L’idea della serie di animazione kolossal di Adriano Celentano non funziona perché è stata superata da una diversa forma di populismo antisistema
di Mattia Persivale
Mentre scrivo questa Videocrazia non è dato sapere se la sospensione di Adrian, su Canale 5, sia semplicemente temporanea (motivazione ufficiale: «malanno di stagione» del protagonista) o se sia stata cancellata dopo pochi episodi la serie di animazione ideata scritta e diretta da Adriano Celentano e disegnata da Milo Manara. Un kolossal annunciato da anni, con collaborazioni prestigiose, prima serata su Canale 5, una produzione costata decine di milioni di euro con oltre mille animatori in tre continenti (Asia, Africa, Europa). L’eroe ovviamente è Celentano giovane, Adrian, orologiaio che ama la bellezza e l’ecologia ma vive in un futuro oscuro un po’ alla Blade Runner dominato da un potere corrotto. La serie evento, prodotta dal clan Celentano, era partita al lunedì e poi spostata al martedì per non scontrarsi con i nuovi episodi di Montalbano causa ascolti obiettivamente molto deludenti (anche sotto il 10%). Io, pur riconoscendone l’obiettiva grandezza di performer, non sono mai stato un fan di Celentano: per motivi generazionali (difficile, da ragazzi, ascoltare musica di qualcuno che è più vecchio dei tuoi genitori) prima di tutto.
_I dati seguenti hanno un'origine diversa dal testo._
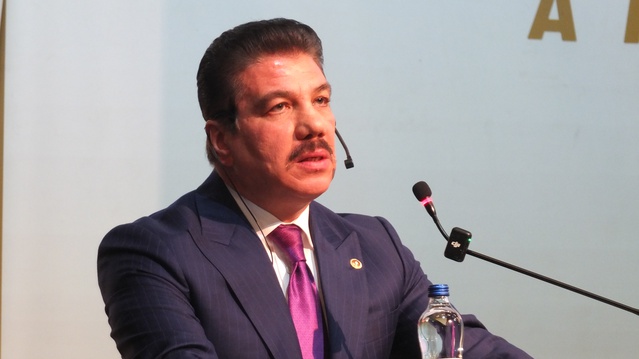 TBMM Adalet Komisyonu Başkanı Yüksel: En adi suç soykırımdır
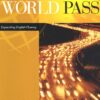 [Sách] World Pass Advanced: Student's Book – Sách giấy gáy xoắn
Non ho amato la sua musica, e da bambino e adolescente restavo perplesso davanti ai suoi film di enorme successo (a me sembravano brutti). Quando poi l’Italia lo ha eletto, quand’ero al liceo, a furor di audience, commentatore politico e di grandi temi d’attualità, sono rimasto ugualmente perplesso. Ricordo quella volta in cui invitò gli italiani, da Fantastico che, se non ricordo male, era tecnicamente un varietà, a scrivere sulla scheda di un referendum “La caccia è contro l’amore”, invitandoli cioè di fatto dalla tv di Stato ad annullare le schede e scatenando un putiferio: io non potevo ancora votare ma ricordo che mi fece molto ridere lo stesso. Però è lo stesso Celentano che compiendo forse senza saperlo un’opera meritoria per la salute civica e morale degli italiani (maschi), invitò Franca Rame, in un’Italia molto diversa da quella pur problematica di oggi, a recitare in diretta il suo monologo sullo stupro subìto, monologo che seguii pietrificato e al ricordo mi fa ancora accapponare la pelle. A distanza di un trentennio, gliene sono ancora grato.
Ho guardato Adrian perché l’animazione mi piace e speravo che fosse più bello: non è brutto né, ovviamente, mal disegnato. Più che altro è abbastanza inutile, un elegante topolino partorito da una montagna di aspettative poco realistiche. L’idea portante di Adrian, il difensore del popolo contro il potere oscuro e senza volto, non funziona. Non perché sia banale – spesso la banalità funziona, la tv e la politica lo testimoniano ogni giorno – o perché sia anacronistica, ma perché ormai il celentanismo è stato soppiantato da una forma diversa di populismo anti-sistema e anti-intellettuale, in un’era digitale che Celentano non poteva prevedere né cavalcare come nel 1987. Quando ero ragazzo e Celentano, cattolico, faceva recitare in diretta su RaiUno al laico Dario Fo un monologo sull’infanzia di Gesù per l’irritazione della Cei c’era chi si domandava cosa sarebbe successo se Adriano – anti-politico, ecologista, pacifista, autoritario – avesse fondato un partito. Trent’anni dopo, lo sappiamo. Adrian arriva in ritardo.